# Filter?



## Leprichon (Dec 30, 2009)

Im in need of an inline canister fish filter…

Must be:
•	Top removeable (to remove debree, remove/replace filter media, and to clean etc.)
•	Large enough for 80 gal+ (I have a 55gal now but might want a larger tank later)
•	Top sealed to water pressure (it is near the bottom of a siphon and if the power goes out, I don’t want it to overflow.) 
•	Only really need for its depth (to filter out rocks and other larger mechanical filtration parts before water enters my pump)…


Any advise greatly appreciated...


----------



## Guest (Dec 30, 2009)

Eheim or Rena seem to be the best. I have only used Eheim and Fluval, and I say Eheim over Fluval. I have read a posts saying Rena over Fluval. And have read posts saying Eheim over Rena, if you can afford the Eheim.

I love my Eheim Professionel II. i thinks its a 2021 or something like that. I will never get another filter other than an Eheim again. Only draw back is that it was $270 retail when I got it. I think i picked it up on sale for $220 tho.


----------



## llamas (Jun 29, 2009)

I have the Fluval 305 for my 55 gallon tank and I love it. It is very quiet and bigs up a lot of debris. However, I recently also added and Aquaclear HOB for more filtration and have seen better water quality.

I have never owned Rena or Eheim, but from what I have read in other posts I can conclude the following about each filter

Rena
They get a lot of praise from many users. They are the cheapest of the three and have really good flowrates. They also have larger media baskets than the Fluval Series.

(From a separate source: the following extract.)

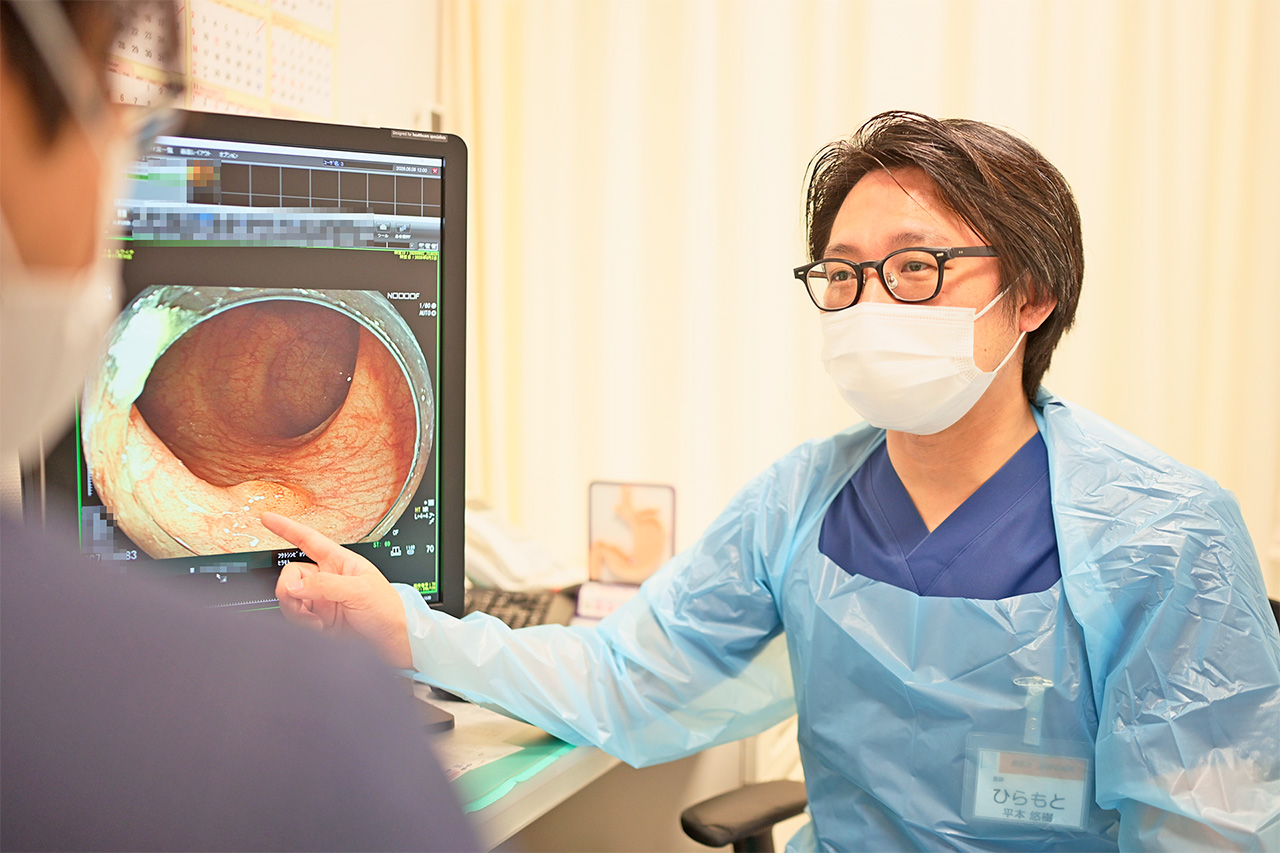 平本医師による検査後の説明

Rena is also praised for being extremely easy to clean and maintain.


Fluval
Fluval filters are priced in the middle of the three. The flowrates are not as high and the baskets are smaller. From what I have read, they tend to be better at mechanical filtering than the Rena filters. 

However, the biggest drawback is the maintenance. Fluvals are a big hassle. The tops are hard to take off. The intake and outtake tubes have ridges on them and are not flexible, unlike those of the Eheim and Rena. For that reason, there are barely any in-line products that will work with Fluval filters. (In-line heaters, in-line UV sterilizers, etc.) Also, because of the ridges, junk can get stuck in them until you prime the filter, causing the air blasting out of the outake tube to release that junk into the water upon starting the filter.


Eheim
These filters are by far SUPERIOR to all others. The Eheim has the best of both worlds. it holds a great amount of media, and does a great job at filtering the water. The tubing is smooth and flexible, allowing one to attach in-line equipment if they wish. They are also easy to maintain. The only problem with Eheims are the price-tags. They are very expensive, and greatly surpass the price of the Rnas and Fluvals.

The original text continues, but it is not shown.